Menurut hemat penulis, syarat diatas adalah syarat-syarat yang masuk akal yang dapat mencegah penggunaan sumber dalil ini (mashlahah mursalah) tercerabut dari akarnya (menyimpang dari esensinya) serta mencegah dari menjadikan nash-nash tunduk kepada hukum-hukum yang dipengaruhi hawa nafsu dan syahwat dengan mashlahah mursalah.
Golongan Maliki berpendapat, bahwa sifat munasib yang merupakan alasan adanya mashlahat, meskipun tidak jelas batasannya, patut menjadi illat bagi qiyas.
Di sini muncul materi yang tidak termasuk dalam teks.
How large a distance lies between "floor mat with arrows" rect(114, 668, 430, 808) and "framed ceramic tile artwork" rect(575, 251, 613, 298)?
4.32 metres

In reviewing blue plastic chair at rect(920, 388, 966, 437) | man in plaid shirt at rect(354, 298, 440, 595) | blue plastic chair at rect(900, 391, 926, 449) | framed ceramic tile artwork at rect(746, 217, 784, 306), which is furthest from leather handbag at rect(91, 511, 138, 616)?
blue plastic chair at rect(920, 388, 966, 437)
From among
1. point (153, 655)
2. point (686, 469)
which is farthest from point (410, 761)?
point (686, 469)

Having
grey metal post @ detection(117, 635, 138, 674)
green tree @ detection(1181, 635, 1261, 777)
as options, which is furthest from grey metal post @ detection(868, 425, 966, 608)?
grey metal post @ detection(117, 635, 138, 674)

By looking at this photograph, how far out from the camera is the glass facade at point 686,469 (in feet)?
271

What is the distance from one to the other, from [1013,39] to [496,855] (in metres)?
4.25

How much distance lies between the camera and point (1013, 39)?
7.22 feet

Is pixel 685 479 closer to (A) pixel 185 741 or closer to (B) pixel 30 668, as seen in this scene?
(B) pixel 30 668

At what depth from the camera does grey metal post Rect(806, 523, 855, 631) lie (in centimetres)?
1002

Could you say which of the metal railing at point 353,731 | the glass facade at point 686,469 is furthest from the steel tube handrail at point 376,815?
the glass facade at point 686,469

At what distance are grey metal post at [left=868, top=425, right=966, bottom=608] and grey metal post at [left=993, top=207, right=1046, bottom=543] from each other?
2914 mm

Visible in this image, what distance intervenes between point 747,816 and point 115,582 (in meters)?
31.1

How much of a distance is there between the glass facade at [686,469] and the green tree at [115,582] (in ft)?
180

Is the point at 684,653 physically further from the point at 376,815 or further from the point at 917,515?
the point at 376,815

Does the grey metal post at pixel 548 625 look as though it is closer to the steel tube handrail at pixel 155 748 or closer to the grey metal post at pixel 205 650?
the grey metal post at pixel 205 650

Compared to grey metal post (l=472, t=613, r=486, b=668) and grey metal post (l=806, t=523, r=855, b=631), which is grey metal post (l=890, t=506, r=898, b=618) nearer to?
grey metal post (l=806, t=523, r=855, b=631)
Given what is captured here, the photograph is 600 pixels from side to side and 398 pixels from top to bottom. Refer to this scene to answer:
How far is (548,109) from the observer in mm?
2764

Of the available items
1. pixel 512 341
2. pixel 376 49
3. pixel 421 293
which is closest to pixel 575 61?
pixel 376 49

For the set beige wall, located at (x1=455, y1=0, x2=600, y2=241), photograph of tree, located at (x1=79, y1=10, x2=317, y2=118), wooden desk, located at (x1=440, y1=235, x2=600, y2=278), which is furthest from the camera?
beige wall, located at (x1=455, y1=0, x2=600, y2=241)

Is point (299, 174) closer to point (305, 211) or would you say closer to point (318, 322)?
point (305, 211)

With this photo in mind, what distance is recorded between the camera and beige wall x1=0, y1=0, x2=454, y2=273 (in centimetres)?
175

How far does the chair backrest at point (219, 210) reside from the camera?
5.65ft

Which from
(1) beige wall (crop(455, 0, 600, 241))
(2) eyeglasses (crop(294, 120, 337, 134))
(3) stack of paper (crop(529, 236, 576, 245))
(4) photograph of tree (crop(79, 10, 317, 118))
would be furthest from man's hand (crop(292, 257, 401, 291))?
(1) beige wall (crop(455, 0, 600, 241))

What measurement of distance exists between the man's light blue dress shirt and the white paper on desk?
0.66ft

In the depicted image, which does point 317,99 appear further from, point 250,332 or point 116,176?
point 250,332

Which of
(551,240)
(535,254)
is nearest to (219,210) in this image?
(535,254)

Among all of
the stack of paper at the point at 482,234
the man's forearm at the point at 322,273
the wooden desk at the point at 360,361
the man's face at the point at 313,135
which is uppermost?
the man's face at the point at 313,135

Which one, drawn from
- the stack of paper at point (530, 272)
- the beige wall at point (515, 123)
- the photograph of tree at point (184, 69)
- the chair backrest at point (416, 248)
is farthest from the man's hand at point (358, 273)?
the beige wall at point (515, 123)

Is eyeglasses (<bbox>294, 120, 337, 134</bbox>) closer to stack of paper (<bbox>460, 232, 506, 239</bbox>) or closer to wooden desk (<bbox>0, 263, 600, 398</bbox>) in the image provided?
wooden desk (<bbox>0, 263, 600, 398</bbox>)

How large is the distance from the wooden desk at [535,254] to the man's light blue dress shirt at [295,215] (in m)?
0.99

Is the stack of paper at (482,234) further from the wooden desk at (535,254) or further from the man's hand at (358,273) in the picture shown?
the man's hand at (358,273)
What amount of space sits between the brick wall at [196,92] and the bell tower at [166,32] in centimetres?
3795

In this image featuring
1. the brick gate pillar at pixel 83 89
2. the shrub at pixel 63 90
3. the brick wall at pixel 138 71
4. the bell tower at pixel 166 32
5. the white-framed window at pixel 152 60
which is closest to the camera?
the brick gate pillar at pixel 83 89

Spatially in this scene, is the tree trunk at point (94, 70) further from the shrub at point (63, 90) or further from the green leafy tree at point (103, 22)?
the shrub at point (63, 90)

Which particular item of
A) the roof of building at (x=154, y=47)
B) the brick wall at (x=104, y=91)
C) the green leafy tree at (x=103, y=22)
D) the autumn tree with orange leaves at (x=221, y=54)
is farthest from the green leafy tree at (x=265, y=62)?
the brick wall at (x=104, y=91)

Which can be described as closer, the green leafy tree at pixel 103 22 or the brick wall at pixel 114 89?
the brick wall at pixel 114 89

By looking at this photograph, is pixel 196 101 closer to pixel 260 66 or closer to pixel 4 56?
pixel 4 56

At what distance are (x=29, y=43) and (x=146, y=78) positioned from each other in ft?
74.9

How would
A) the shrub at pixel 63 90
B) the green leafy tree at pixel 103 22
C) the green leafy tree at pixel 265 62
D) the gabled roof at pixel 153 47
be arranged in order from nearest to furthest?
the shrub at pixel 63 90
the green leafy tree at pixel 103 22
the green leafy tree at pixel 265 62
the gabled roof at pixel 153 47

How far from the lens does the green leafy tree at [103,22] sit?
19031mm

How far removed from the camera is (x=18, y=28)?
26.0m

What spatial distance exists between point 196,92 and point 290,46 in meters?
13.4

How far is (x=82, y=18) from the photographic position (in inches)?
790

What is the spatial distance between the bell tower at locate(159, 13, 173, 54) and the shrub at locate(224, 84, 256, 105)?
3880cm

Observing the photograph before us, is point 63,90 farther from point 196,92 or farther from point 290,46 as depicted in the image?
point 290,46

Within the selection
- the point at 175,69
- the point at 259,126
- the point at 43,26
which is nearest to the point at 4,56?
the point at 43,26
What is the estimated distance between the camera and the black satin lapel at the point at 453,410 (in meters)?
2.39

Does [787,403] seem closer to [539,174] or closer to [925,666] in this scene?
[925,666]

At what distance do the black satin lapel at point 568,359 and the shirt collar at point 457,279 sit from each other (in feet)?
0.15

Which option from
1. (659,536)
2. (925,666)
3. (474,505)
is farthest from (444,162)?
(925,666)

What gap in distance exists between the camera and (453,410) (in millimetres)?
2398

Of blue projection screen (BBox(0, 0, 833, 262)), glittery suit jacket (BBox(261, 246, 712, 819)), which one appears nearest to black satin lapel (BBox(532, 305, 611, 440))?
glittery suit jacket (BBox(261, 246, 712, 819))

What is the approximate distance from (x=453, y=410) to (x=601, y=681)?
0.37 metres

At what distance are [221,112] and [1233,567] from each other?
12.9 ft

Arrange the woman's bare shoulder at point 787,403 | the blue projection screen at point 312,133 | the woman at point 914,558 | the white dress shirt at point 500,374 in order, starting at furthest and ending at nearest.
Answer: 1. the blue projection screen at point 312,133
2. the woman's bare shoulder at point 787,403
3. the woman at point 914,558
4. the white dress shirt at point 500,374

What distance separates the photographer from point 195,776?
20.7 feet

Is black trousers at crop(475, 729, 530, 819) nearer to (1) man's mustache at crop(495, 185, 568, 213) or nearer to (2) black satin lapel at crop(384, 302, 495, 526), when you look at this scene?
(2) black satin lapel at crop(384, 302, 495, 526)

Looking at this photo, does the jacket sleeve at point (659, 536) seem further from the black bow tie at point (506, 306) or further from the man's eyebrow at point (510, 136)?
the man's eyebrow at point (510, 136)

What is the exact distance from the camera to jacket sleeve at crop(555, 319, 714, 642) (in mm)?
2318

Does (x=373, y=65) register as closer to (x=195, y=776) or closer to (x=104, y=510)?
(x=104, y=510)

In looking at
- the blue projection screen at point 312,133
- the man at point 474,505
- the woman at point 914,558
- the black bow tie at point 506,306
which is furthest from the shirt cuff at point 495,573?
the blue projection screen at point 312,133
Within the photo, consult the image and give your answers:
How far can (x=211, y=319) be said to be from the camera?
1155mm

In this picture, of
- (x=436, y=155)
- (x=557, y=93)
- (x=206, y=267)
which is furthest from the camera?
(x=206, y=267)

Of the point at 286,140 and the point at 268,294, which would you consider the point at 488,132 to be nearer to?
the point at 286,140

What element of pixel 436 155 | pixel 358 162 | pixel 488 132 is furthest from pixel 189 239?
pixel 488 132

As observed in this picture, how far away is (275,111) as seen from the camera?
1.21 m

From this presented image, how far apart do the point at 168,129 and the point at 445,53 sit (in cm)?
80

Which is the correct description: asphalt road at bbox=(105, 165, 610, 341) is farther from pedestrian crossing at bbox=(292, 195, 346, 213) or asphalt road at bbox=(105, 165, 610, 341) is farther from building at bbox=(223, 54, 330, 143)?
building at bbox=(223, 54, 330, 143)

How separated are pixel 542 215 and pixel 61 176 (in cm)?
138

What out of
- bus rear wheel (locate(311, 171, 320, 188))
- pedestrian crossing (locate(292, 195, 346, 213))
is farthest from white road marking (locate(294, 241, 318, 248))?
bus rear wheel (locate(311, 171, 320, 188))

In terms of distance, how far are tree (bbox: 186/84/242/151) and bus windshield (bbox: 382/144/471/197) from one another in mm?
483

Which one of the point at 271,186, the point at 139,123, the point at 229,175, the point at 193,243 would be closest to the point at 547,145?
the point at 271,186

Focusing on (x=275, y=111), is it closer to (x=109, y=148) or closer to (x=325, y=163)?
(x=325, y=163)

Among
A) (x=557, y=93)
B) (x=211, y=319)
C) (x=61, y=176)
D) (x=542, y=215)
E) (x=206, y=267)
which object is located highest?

Kalau memang demikian sifat munasib layak dijadikan illat, maka berarti mashlahah mursalah termasuk ke dalam macam qiyas. Oleh karena itu ia bisa diterima sebagai sumber hukum sebagaimana halnya diterimanya qiyas berdasarkan sifat munasib, yaitu hikmah, tanpa memandang apakah illat itu mundhabithah atau tidak. Karena begitu dekatnya pengertian sifat munasib dan mashlahah mursalah sehingga sebagian ulama madzhab Maliki menganggap bahwa sesungguhnya semua ulama ahli fiqh memakai dalil mashlahat, meskipun mereka menamakannya sifat munasib, atau memasukkannya ke dalam bagian qiyas.[22]
Sebagaimana telah diterangkan, bahwa mashlahah mursalah dibatasi dengan qayd (klasifikasi) tertentu, sehingga ia tidak tercerabut dari akar syariat dan tidak mengesampingkan nash-nash yang qath’i.
Imam Syafi’i adalah yang paling tegas menentang atas kehujjahan maslahah mursalah sebagai dalil hukum karena tidak memiliki standar yang pasti dari nash maupun qiyas, sedangkan pendirian Imam Syafi’i semua hukum haruslah diberdasarkan nash atau di sandarkan pada nash sebagaimana qiyas.[23] Bagi Imam Syafi’i urut-urutan sumber hukum Islam tidak boleh dibolak-balik, melainkan harus secara mutlak berurutan. Sehingga mashlahah mursalah tidak dapat diterima sebagai metode istinbat karena mashlahah mursalah itu tidak memiliki standar yang pasti dari nash maupun qiyas.[24]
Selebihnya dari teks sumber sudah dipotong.